[Recorded data]
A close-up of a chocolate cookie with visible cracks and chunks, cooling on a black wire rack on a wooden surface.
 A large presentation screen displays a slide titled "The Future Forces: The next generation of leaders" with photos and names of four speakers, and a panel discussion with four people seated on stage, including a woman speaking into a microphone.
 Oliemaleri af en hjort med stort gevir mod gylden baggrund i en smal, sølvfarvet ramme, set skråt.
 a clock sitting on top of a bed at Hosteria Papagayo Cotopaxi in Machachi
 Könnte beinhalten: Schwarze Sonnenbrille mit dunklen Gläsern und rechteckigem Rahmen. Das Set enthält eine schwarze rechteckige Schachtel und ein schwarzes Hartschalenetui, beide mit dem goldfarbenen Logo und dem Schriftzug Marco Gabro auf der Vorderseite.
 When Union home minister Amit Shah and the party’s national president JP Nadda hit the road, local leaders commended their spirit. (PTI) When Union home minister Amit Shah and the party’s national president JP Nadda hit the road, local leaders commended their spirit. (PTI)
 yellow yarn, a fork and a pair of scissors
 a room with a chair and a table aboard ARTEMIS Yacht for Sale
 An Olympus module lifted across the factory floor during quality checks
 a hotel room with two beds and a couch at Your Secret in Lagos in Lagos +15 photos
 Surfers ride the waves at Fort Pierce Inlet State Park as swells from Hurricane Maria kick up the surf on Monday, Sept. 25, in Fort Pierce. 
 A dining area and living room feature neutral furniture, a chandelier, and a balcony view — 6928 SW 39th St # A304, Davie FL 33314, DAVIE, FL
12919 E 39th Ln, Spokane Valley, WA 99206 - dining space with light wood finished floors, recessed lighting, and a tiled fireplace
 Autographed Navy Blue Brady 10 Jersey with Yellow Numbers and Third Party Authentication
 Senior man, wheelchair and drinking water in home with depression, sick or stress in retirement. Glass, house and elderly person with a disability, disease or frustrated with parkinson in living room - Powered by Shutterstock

◆ **What is expected**: Nothing but the lines above from the one containing "An Olympus module" through the one containing "Surfers ride the" should appear in the answer, each repeated exactly.

◆ **Answer box**:
 An Olympus module lifted across the factory floor during quality checks
 a hotel room with two beds and a couch at Your Secret in Lagos in Lagos +15 photos
 Surfers ride the waves at Fort Pierce Inlet State Park as swells from Hurricane Maria kick up the surf on Monday, Sept. 25, in Fort Pierce. 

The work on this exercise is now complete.